Most AI advice given to small and mid-sized businesses sounds the same.

"Connect your tools to a cloud LLM and move faster."

Speed matters. But for many Canadian companies, that advice skips the real question:

Where does your company's data live while the AI is doing your work? And after?

Contracts. Emails. Client files. Internal documents.

For a lot of early AI experiments, the honest answer is simply:

"Somewhere inside a cloud provider."

That is where the real architectural problem starts.


Three realities for Canadian SMBs

If you are a 20–150 person company operating in Canada, AI is not just a tooling conversation. It is a question of jurisdiction, dependency, and trust.

1. Data jurisdiction

Clients increasingly expect you to know where their data sits and which country’s laws apply.

If your AI workflows send sensitive information to a model hosted somewhere in the US or beyond, you inherit the legal and regulatory footprint of that infrastructure. Healthcare, education, finance, and any business handling personal data feel this pressure first.

“Somewhere in a US model provider’s infrastructure” is not a satisfying answer when a client, a regulator, or even your own board asks where their data is.

2. Operational dependency

Cloud AI makes it easy to get started. It also makes it easy to become dependent.

If your core workflows rely on a model you do not control, several new risks appear:

  • A pricing change can quietly turn a profitable workflow into a marginal one.
  • An outage in a distant region can take your internal processes down with it.
  • A model update can change behavior overnight, breaking prompts or business logic you relied on.

None of these are theoretical. They are the natural result of building key operations on top of someone else’s platform.

3. Internal trust

AI only creates value if people actually use it.

Teams will lean on new tools when they trust that:

  • Sensitive data will not leak outside the organization.
  • The system behaves consistently from one day to the next.
  • They can explain to a client, a patient, or a partner what happens to the information they provide.

If employees believe that contracts, medical notes, or client records are being sent to an opaque black box on the internet, adoption slows down.

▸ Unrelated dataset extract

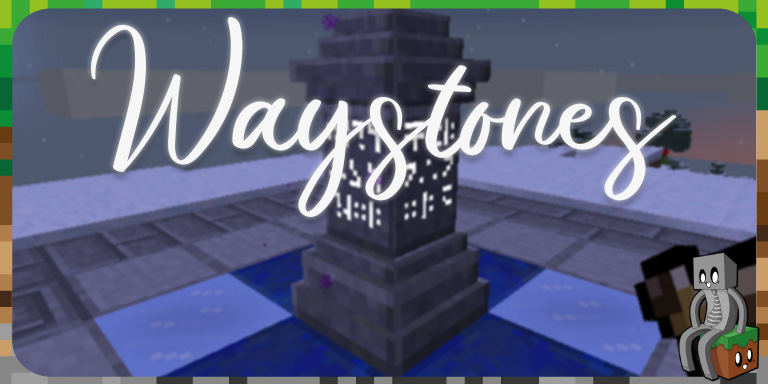 Mod : Waystones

People go back to manual workarounds—not because the AI is not powerful, but because they do not trust where it runs.


Cloud AI has its place, but...

Cloud AI is not the enemy. It is a remarkable enabler. For many use cases, it is exactly the right answer.

The issue is not "cloud vs. on-prem" as a matter of ideology. The issue is fit:

  • What kind of data is involved?
  • Which regulations and client expectations apply?
  • How critical is this workflow to your business?

If every internal process runs through someone else’s GPUs in someone else’s jurisdiction, you have simply replaced one bottleneck with another:

  • from IT ticket queues and vendor delays,
  • to compliance anxiety and platform risk.

For Canadian SMBs, that trade often does not make sense.


What Private AI infrastructure looks like

This is why I care about Private AI infrastructure for SMBs.

Not "AI in a bunker," but a deliberately small and focused piece of infrastructure:

  • A system that runs close to your data (inside your office, your private cloud, or a Canadian region you control).
  • A platform that connects securely to your existing systems—email, files, ticketing, line-of-business apps.
  • A design that does not require a dedicated AI team to operate.

In practice, it looks like a Private AI Appliance:

  • A box (physical or virtual) that lives inside your network.
  • A simple web interface your employees access through a browser, like any internal tool.
  • Clear boundaries around what data goes in, what stays, and what never leaves.

The difference is not that the models are magically different. It is that you control where the AI runs and where the data stays.


The next wave of AI adoption

The first wave of AI adoption in business has been about tools—plugins, copilots, one-off automations.

The next wave will be about infrastructure decisions:

  • Where should our AI systems live?
  • Which workloads stay on general-purpose cloud APIs, and which move closer to our own data?
  • How do we give our teams the power of AI without giving up control over the most sensitive parts of the business?

Canadian SMBs do not need AI that looks like a science project or an enterprise migration.

They need tools that:

  • Respect data sovereignty.
  • Reduce—not increase—operational risk.
  • Are simple enough to operate with a small team.

That is what Private AI infrastructure is really about.

Less hype about "infinite intelligence," more practical decisions about where your intelligence runs and who it answers to.